Source material section start
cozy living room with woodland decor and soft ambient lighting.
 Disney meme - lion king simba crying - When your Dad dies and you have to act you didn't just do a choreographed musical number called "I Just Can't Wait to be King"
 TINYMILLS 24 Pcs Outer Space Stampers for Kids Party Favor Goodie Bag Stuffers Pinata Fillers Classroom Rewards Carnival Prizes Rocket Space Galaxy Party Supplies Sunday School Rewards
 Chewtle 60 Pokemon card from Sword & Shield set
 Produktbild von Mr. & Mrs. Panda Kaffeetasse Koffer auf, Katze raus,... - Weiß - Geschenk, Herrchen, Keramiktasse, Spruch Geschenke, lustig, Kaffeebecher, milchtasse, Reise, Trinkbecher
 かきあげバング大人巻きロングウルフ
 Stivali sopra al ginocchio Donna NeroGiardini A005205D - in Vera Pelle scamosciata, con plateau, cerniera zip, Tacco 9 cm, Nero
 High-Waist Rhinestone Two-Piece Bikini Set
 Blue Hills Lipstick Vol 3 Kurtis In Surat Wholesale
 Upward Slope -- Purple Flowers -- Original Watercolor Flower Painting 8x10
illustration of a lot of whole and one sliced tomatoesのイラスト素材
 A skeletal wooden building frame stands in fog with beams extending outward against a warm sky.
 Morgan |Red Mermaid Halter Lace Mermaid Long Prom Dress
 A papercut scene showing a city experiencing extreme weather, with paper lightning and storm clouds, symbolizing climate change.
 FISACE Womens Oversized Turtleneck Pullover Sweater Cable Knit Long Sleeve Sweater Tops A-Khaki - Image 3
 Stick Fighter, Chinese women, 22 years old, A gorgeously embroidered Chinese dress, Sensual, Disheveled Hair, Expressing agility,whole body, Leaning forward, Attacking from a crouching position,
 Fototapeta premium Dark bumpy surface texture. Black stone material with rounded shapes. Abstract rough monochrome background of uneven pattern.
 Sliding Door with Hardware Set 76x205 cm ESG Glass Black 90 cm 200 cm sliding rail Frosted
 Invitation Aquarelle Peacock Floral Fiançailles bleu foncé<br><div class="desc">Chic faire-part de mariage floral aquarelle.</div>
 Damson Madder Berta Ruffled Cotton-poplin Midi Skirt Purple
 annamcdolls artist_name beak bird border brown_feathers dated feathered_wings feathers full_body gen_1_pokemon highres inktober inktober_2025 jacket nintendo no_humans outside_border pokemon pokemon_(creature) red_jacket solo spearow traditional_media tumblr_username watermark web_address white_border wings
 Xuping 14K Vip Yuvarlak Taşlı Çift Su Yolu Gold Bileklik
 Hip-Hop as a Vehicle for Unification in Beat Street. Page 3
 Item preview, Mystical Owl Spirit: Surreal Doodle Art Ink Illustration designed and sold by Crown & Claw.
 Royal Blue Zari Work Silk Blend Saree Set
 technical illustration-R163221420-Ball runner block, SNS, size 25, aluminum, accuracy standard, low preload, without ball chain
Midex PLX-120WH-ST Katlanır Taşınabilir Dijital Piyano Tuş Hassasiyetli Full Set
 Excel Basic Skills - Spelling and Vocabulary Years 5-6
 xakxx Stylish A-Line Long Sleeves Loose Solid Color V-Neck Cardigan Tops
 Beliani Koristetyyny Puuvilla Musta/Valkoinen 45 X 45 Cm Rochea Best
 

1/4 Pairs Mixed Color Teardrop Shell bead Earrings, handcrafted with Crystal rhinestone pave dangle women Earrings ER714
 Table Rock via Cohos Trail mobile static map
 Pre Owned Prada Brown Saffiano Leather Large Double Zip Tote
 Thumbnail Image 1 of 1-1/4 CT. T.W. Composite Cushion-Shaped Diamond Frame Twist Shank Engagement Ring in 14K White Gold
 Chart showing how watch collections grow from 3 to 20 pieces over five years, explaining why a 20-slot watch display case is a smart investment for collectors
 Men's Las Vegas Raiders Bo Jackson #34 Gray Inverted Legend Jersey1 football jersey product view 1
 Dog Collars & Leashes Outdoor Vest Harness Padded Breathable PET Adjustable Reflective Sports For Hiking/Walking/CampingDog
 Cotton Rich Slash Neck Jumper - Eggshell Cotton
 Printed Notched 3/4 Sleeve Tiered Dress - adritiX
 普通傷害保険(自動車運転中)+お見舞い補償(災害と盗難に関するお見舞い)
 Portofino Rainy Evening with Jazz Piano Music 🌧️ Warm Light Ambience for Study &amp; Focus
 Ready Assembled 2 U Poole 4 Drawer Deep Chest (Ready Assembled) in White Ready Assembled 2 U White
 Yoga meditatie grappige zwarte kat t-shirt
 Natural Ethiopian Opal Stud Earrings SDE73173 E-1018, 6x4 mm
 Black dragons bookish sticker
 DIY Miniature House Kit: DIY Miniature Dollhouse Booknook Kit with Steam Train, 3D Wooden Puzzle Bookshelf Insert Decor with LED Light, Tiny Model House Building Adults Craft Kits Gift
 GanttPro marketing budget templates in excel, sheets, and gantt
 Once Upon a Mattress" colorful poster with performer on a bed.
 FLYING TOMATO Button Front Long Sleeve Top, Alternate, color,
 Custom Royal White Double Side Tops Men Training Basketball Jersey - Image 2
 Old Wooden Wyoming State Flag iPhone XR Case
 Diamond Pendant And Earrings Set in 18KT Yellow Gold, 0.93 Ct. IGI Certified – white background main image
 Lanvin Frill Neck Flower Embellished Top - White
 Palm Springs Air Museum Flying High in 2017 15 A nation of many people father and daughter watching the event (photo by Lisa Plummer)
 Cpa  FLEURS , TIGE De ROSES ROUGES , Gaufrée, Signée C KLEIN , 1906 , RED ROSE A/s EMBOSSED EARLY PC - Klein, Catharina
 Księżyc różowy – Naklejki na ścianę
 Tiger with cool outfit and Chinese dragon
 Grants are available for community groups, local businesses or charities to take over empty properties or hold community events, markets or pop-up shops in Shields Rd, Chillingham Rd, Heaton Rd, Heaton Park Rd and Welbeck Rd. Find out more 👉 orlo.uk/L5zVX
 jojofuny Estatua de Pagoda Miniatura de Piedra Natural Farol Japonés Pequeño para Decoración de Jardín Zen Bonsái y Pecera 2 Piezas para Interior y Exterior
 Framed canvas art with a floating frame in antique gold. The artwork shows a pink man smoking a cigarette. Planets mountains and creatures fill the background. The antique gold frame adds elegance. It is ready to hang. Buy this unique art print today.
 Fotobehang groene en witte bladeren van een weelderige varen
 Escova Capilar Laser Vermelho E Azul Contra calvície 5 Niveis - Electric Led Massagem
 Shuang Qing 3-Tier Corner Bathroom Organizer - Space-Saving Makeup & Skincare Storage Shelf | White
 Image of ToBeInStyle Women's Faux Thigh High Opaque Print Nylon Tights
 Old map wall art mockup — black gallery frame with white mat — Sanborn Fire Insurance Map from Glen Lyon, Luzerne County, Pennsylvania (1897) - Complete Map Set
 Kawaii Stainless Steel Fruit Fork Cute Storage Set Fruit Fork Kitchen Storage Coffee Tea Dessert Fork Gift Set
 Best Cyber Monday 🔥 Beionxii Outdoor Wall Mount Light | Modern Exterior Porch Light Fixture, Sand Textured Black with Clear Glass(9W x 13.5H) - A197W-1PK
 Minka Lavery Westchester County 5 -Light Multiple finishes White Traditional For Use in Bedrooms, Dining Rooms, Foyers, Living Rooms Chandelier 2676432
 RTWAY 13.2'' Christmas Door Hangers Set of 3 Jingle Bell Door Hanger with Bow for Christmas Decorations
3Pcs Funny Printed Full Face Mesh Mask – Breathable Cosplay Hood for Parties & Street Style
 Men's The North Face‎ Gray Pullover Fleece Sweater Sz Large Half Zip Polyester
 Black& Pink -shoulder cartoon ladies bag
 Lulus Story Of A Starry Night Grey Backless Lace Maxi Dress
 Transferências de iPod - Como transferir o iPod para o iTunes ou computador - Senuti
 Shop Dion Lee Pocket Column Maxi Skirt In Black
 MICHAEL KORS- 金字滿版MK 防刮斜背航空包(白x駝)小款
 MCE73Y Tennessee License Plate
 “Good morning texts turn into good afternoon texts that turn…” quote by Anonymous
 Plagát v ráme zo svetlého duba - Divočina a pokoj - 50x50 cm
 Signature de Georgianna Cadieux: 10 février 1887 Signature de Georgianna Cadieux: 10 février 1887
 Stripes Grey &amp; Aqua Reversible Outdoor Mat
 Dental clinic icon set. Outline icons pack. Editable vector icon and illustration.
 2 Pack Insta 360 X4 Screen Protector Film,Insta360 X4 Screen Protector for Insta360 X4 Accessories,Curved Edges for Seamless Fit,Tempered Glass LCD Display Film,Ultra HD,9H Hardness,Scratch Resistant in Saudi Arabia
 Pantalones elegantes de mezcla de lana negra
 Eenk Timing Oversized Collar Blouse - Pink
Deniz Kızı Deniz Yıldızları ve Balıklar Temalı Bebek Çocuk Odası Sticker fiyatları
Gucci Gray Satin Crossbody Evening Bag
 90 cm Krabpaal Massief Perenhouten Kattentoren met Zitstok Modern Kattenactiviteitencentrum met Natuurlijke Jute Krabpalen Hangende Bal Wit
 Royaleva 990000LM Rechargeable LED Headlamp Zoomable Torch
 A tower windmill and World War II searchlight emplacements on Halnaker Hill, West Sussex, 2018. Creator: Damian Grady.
Source material section end
> [Task goal] Among the entries above, find the line with "Produktbild von Mr." and the line with "かきあげバング大人巻きロングウルフ"; give again exactly these two lines and all lines between them.

> [Output for this exercise]
 Produktbild von Mr. & Mrs. Panda Kaffeetasse Koffer auf, Katze raus,... - Weiß - Geschenk, Herrchen, Keramiktasse, Spruch Geschenke, lustig, Kaffeebecher, milchtasse, Reise, Trinkbecher
 かきあげバング大人巻きロングウルフ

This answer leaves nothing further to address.